From: Kairui Song <ryncsn@gmail.com>
To: Barry Song <21cnbao@gmail.com>
Cc: wangkefeng.wang@huawei.com, akpm@linux-foundation.org,
baolin.wang@linux.alibaba.com, chrisl@kernel.org,
david@redhat.com, hanchuanhua@oppo.com, hannes@cmpxchg.org,
hch@infradead.org, hughd@google.com, kaleshsingh@google.com,
linux-kernel@vger.kernel.org, linux-mm@kvack.org,
mhocko@suse.com, minchan@kernel.org, nphamcs@gmail.com,
ryan.roberts@arm.com, senozhatsky@chromium.org,
shakeel.butt@linux.dev, shy828301@gmail.com, surenb@google.com,
v-songbaohua@oppo.com, willy@infradead.org, xiang@kernel.org,
ying.huang@intel.com, yosryahmed@google.com
Subject: Re: [PATCH v6 2/2] mm: support large folios swap-in for zRAM-like devices
Date: Sat, 17 Aug 2024 00:50:00 +0800 [thread overview]
Message-ID: <CAMgjq7AeVkmOiVFa4-iP4nbyX3LHft_5wfvV_raj_N+twdzMKQ@mail.gmail.com> (raw)
In-Reply-To: <20240815230612.77266-1-21cnbao@gmail.com>
On Fri, Aug 16, 2024 at 7:06 AM Barry Song <21cnbao@gmail.com> wrote:
>
> On Fri, Aug 16, 2024 at 1:27 AM Kefeng Wang <wangkefeng.wang@huawei.com> wrote:
> >
> >
> >
> > On 2024/8/15 17:47, Kairui Song wrote:
> > > On Fri, Aug 2, 2024 at 8:21 PM Barry Song <21cnbao@gmail.com> wrote:
> > >>
> > >> From: Chuanhua Han <hanchuanhua@oppo.com>
> > >
> > > Hi Chuanhua,
> > >
> > >>
> > ...
> >
> > >> +
> > >> +static struct folio *alloc_swap_folio(struct vm_fault *vmf)
> > >> +{
> > >> + struct vm_area_struct *vma = vmf->vma;
> > >> +#ifdef CONFIG_TRANSPARENT_HUGEPAGE
> > >> + unsigned long orders;
> > >> + struct folio *folio;
> > >> + unsigned long addr;
> > >> + swp_entry_t entry;
> > >> + spinlock_t *ptl;
> > >> + pte_t *pte;
> > >> + gfp_t gfp;
> > >> + int order;
> > >> +
> > >> + /*
> > >> + * If uffd is active for the vma we need per-page fault fidelity to
> > >> + * maintain the uffd semantics.
> > >> + */
> > >> + if (unlikely(userfaultfd_armed(vma)))
> > >> + goto fallback;
> > >> +
> > >> + /*
> > >> + * A large swapped out folio could be partially or fully in zswap.
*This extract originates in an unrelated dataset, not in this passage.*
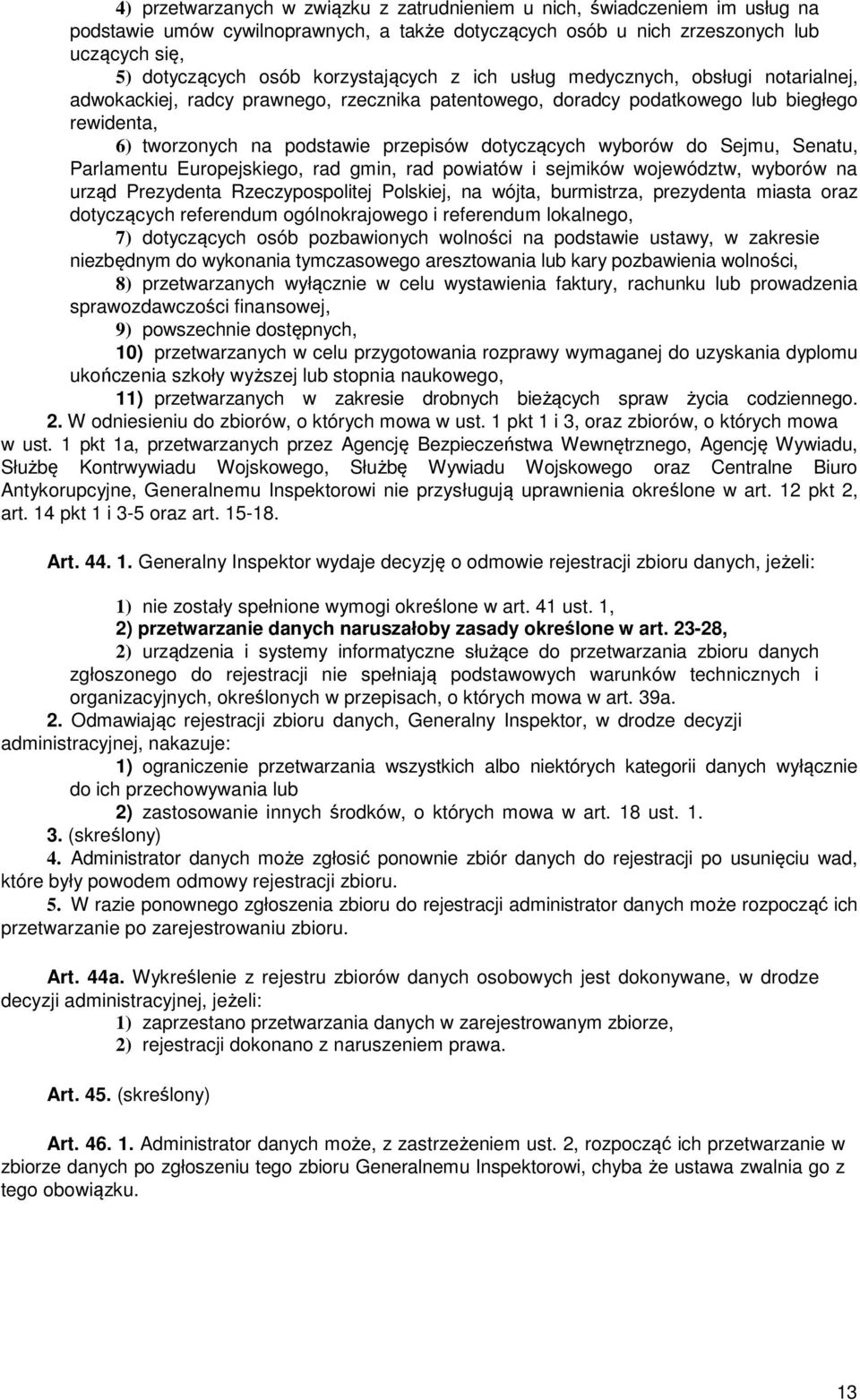 dotyczących wyborów do Sejmu, Senatu, Parlamentu Europejskiego, rad gmin, rad powiatów i sejmików województw, wyborów na urząd Prezydenta Rzeczypospolitej Polskiej, na wójta, burmistrza, prezydenta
We
> > >> + * lack handling for such cases, so fallback to swapping in order-0
> > >> + * folio.
> > >> + */
> > >> + if (!zswap_never_enabled())
> > >> + goto fallback;
> > >> +
> > >> + entry = pte_to_swp_entry(vmf->orig_pte);
> > >> + /*
> > >> + * Get a list of all the (large) orders below PMD_ORDER that are enabled
> > >> + * and suitable for swapping THP.
> > >> + */
> > >> + orders = thp_vma_allowable_orders(vma, vma->vm_flags,
> > >> + TVA_IN_PF | TVA_ENFORCE_SYSFS, BIT(PMD_ORDER) - 1);
> > >> + orders = thp_vma_suitable_orders(vma, vmf->address, orders);
> > >> + orders = thp_swap_suitable_orders(swp_offset(entry), vmf->address, orders);
> > >> +
> > >> + if (!orders)
> > >> + goto fallback;
> > >> +
> > >> + pte = pte_offset_map_lock(vmf->vma->vm_mm, vmf->pmd, vmf->address & PMD_MASK, &ptl);
> > >> + if (unlikely(!pte))
> > >> + goto fallback;
> > >> +
> > >> + /*
> > >> + * For do_swap_page, find the highest order where the aligned range is
> > >> + * completely swap entries with contiguous swap offsets.
> > >> + */
> > >> + order = highest_order(orders);
> > >> + while (orders) {
> > >> + addr = ALIGN_DOWN(vmf->address, PAGE_SIZE << order);
> > >> + if (can_swapin_thp(vmf, pte + pte_index(addr), 1 << order))
> > >> + break;
> > >> + order = next_order(&orders, order);
> > >> + }
> > >> +
> > >> + pte_unmap_unlock(pte, ptl);
> > >> +
> > >> + /* Try allocating the highest of the remaining orders. */
> > >> + gfp = vma_thp_gfp_mask(vma);
> > >> + while (orders) {
> > >> + addr = ALIGN_DOWN(vmf->address, PAGE_SIZE << order);
> > >> + folio = vma_alloc_folio(gfp, order, vma, addr, true);
> > >> + if (folio)
> > >> + return folio;
> > >> + order = next_order(&orders, order);
> > >> + }
> > >> +
> > >> +fallback:
> > >> +#endif
> > >> + return vma_alloc_folio(GFP_HIGHUSER_MOVABLE, 0, vma, vmf->address, false);
> > >> +}
> > >> +
> > >> +
> > >> /*
> > >> * We enter with non-exclusive mmap_lock (to exclude vma changes,
> > >> * but allow concurrent faults), and pte mapped but not yet locked.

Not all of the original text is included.